Also, I felt better about my difficulties in figuring out their new system when I realized that for a good half of my questions the telephone support folks were putting me on hold so they could ask their experts how to handle the challenge.
So I’m not telling you to avoid 1&1 because they ticked me off. If, for some reason or other, you’re in the mood to start up a new e-commerce business and need a site-building, hosting, and bulk mailer all in one, their technology seems to do the job, once you slog through the process of figuring it out.
Why does this matter to you?
It’s like this. There’s a meme out there that says we humans only use 90 percent of our brains. The meme is false. We use 100 percent of our brains all the time.
We use 10 percent for thinking and 90 percent for rationalizing. That makes 100 percent.
There are businesses out there that still use versions of Windows and Office that haven’t been supported for years. Why? They’re rationalizing.
See, the cost and inconvenience associated with getting current is counted in hard currency. The benefits, on the other hand, count as risk avoidance, as in, there will come a day when they won’t be able to load the old OS on new hardware, or in a virtualized or cloud environment on whatever virtualization technology is in play.
The rationalization is, there’s always something else that’s more urgent than the conversion.
Right up until the time there isn’t. It’s pay it now or pay it … a much bigger it … later.

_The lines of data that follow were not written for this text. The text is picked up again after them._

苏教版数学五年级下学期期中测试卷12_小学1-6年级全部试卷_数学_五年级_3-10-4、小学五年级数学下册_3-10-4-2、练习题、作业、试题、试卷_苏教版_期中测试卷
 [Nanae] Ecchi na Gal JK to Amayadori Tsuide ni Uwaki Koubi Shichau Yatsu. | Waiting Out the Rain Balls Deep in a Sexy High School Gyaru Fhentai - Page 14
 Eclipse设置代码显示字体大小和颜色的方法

What I recommend to clients I advise on the enterprise technical architecture management front is to adopt a “design principle” that addresses lifecycle management. Possibilities include:
- Stay current (more likely, begin migration projects shortly after new releases are announce to allow the situation to stabilize).
- Stay one major release behind the current one, so as to always be on supported software while minimizing the risks associated with brand-new releases.

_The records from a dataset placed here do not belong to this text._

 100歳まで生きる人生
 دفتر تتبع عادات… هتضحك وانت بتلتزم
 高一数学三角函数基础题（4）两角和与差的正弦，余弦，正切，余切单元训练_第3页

- Alternate between adopting and skipping major releases. You stay current enough.
- Update to new releases only when they either (1) have compelling new features you want; or (2) you have no choice any more.
I try to talk clients out of that last one, for all the obvious reasons.
Too bad I didn’t talk myself out of it when it came to 1&1’s site-builder system.
Clearly, it’s their fault, because that’s the nature of fault, and for that matter rationalization, isn’t it?
I’m certainly glad to see you are back in business – and you shared a good lesson.
Welcome back, Bob!
Count me among those who always advise staying current, but fail to do so in quite a few cases!
To answer your question, you do not adopt a technology when it is so new, it is not a standard, and a lot of stuff will not run on it smoothly or reliably.
Pleased to see that you are back in business, Bob and I hope you were not too tough on the tech support staff. In my former life of providing and managing tech support functions I experienced many cases where the end user thought there would be “one more reminder” no matter how many reminders there had been. And yes they then believe it is “your” fault when the end does come!
Loved your 10% thinking 90% rationalizing comment.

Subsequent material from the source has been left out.